Áquila sonrió burlón al darse cuenta de que sus lealtades estaban en conflicto con su sentido de la lógica. Se levantó abriéndose camino hacia la cumbre de la colina que tendrían que atravesar para ahorrarse un desvío de diez leguas.

– Pero podemos pasar el día hablando y no arreglar nada. Esos viejos embaucadores del Senado lo tienen todo bien atado. Lo que es a mí, no me importaría que alguien les cortara la cabeza.

– ¿Y quién gobernaría entonces?

– ¿Usáis esa palabra para describir lo que tenemos ahora? Pregunta a los hombres de las legiones auxiliares lo que opinan.

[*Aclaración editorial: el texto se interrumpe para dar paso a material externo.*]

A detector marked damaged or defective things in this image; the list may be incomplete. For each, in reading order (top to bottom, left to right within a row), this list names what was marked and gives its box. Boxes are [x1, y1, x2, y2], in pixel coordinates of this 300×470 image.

A esos cabrones con toga les alegra derramar su sangre, pero ni siquiera les dan la ciudadanía.

Publio adoptó un gesto anodino.

– ¿Eres consciente, Áquila Terencio, de que nuestro padre es senador?

– Desde luego que sí. Y con el tiempo tú también lo serás. Lo que me preocupa es que la gente como nosotros está aún aquí, en Hispania, haciendo dibujos de lugares como Pallentia. En marcha, deprisa. Llegaremos a la cima de uno en uno y a través de los árboles.